A common theme makes Ralph R. Perry's "Congo Sun" and W. Townend's "Red" appropriate bookends for the September 8, 1926 issue of Adventure. Both stories quite consciously attack the anarchically egalitarian attitude that "no one's any better than I am." In the Townend story, as regular readers will recall, a merchant-marine communist discovers his own superiority to the trash of proletarian London and emerges as a leader of men. In Perry's a frustrated first mate struggles to break the resistance of a crew of trash against an erratic captain. There's really a threeway struggle among First Mate Tom Cole, the hero, Captain Gatlin, who careens between cowardly indulgence of a malcontent crew and irrational rage against them, and Seaman Sutson, self-appointed ringleader of a bad crew of deckhands. Cole understands that someone like Sutson has to be brought to heel as soon as possible, but Gatlin fears the harm to his record should violence have to be employed against the crew. Cole doesn't necessarily think violence is the only solution, but while force may not be the only thing Sutson understands, forcefulness in manner may be the only other thing. As the ship heads up the Congo to pick up loads of lumber the equatorial heat gets to everybody and Gatlin grows increasingly intolerant of Sutson's goldbricking ways while Cole worries that it's too late to tame Sutson without violence. A sunstruck Gatlin has an alternative, which is to abandon Sutson and his buddies in a jungle town where they've been drinking the latest advance on their salaries extorted from the captain. While Cole feels that Sutson deserves such a fate, it still seems wrong to him somehow, and when Gatlin finally collapses from exhaustion, our hero uses his temporary authority to finally force the issue with the defiant seaman.
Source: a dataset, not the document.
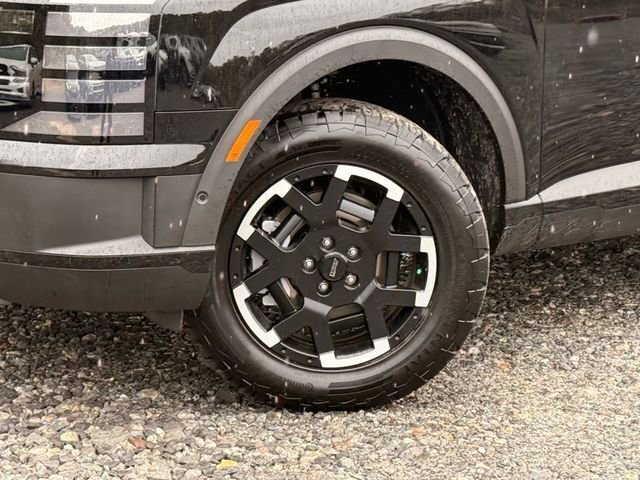 New 2026 Hyundai Palisade XRT Pro AWD/4WD image 27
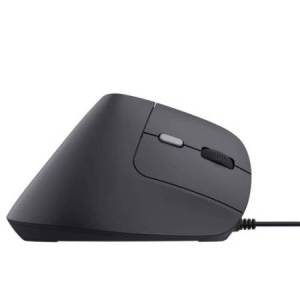 Mouse ergonomico Bayo II -... 2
This isn't the sort of adventure thriller that Perry would write later in his Bellow Bill Williams series for Argosy. Instead, it's a character study of the shifting moods of mate and captain amid gradually increasing suspense as Perry delays the inevitable hand-to-hand showdown between Cole and Sutson. When that finally comes, Perry makes the blowoff surprising brief but unsurprisingly brutal. It works somehow; Cole breaking Sutson's arm is more abruptly decisive than the pages of knock-down and drag-out another writer might attempt. Despite the title, Perry has little to say about Africa or Africans, apart from noting, despite his characters' free use of the n-word, that native krooboys are more dependable workers than white trash like Sutson. In "Congo Sun" and "Red," pulp fiction seems to be preparing readers not only to pass the expected tests of courage and responsibility, but to take authority over others and prove that not everyone is as good as they are. Another way of putting it is that pulp, at least as published by Adventure editor Arthur Sullivant Hoffman, favors meritocracy over egalitarianism, or prefers a meritocratic egalitarianism that rewards talent and character regardless of class (see "Red") over an egalitarianism that stubbornly rejects all meritocratic distinctions. To look at it yet another way, modern critics may focus on how pulp affirms racial hierarchies, but pulp stories often require stiff-necked whites to bow before heroic characters as well, sometimes after struggles nearly as difficult as any empire's civilizing mission.